I love when I instantly resonate with a song and I can (and will) listen to it on repeat for hours. H.D.’s poetry brings that same joy as each poem speaks with clear emotion. When reading “Oread” I feel desire and even desperation as the speaker asks for what seems impossible. I spent most of my time reading and rereading the retold narrative “Eurydice,” reliving the speaker's growth from bitterness to defiance. The first and second sections are filled with angry question about the desperate situation of being left in hades:
why did you turn?
why did you glance back?
why did you bend your face
caught with the flame of the upper earth,
above my face?
(I)
The speaker comes to embrace her fate not with anger or peace, but with strength:
At least I have the flowers of myself,
and my thoughts, no god
can take that;
I have the fervour of myself for a presence
and my own spirit of light;
(VII)
In addition to Greek mythology, H.D. uses a lot of nature imagery—specifically garden and botanical elements. She sometimes writes just simply about “flowers,” but also often uses specific images of “blue crocuses” and “the very golden hears of the first saffron” As to what these images are doing I cannot say. In the poem, there seems two realms of nature—hades and upper earth—and then the speaker’s own nature making a display towards the end of the poem.  The speaker’s flowers seem a foundation, an place of assurance and self-dependence.

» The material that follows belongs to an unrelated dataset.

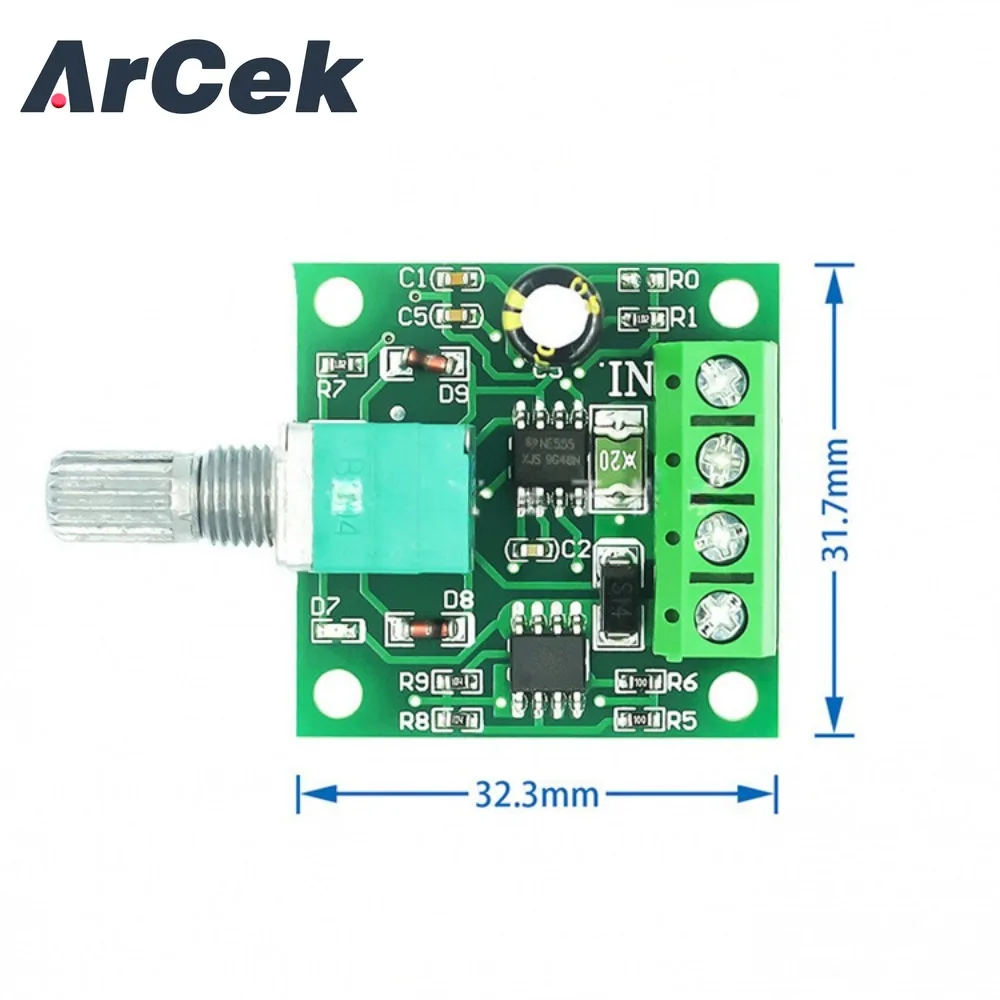 DC 1.8V 3V 5V 6V 12V 2A PWM Motor Speed Controller Low Voltage Motor Speed Controller PWM 0-100% Adjustable Drive Module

Jamaal May also explores themes of growth through botanical imagery. The speaker in “I Have This Way of Being” is less of a dialogue than H.D.’s poem. In contrast to the strong self seen in “Eurydice,” the speaker in May’s poem uses the garden as a metaphor for discovery and evolution of the self. May's poem also seems syntactically relate to the imagiste form. I wonder what emotions would develop if May had chosen to make the poem longer. Would a long poem reveal a change in the speaker's feeling about his or her identity? Or would it be an elongated discourse of the same emotion? I enjoy poetry that deals intensely with on emotion. However, as I spend more time with modern poetry, I find myself developing a taste for the long poem and what it can do. 

I Have This Way of Being
Jamaal May
I have this, and this isn’t a mouth
           full of the names of odd flowers

I’ve grown in secret.
           I know none of these by name

but have this garden now,
           and pastel somethings bloom

near the others and others.
           I have this trowel, these overalls,
this ridiculous hat now.
           This isn’t a lung full of air.

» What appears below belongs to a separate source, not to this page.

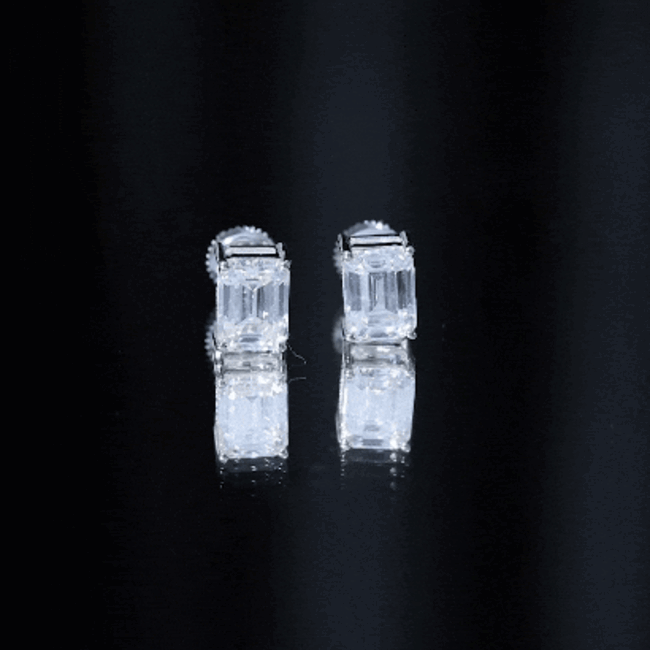 Emerald Cut Diamond Earrings – 6x8 MM Lab Grown Diamonds | Screw Back Studs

Not a fist full of weeds that rise
           yellow then white then windswept.

This is little more than a way
           to kneel and fill gloves with sweat,

so that the trowel in my hand
           will have something to push against,

rather, something to push
           against that it knows will bend


and give and return as sprout
           and petal and sepal and bloom.

1 comment:

  1. Dannng I really like that Jamaal May poem. I also appreciated your questions about the relationship between emotion(s) and a poem's length... they do seem to determine each other.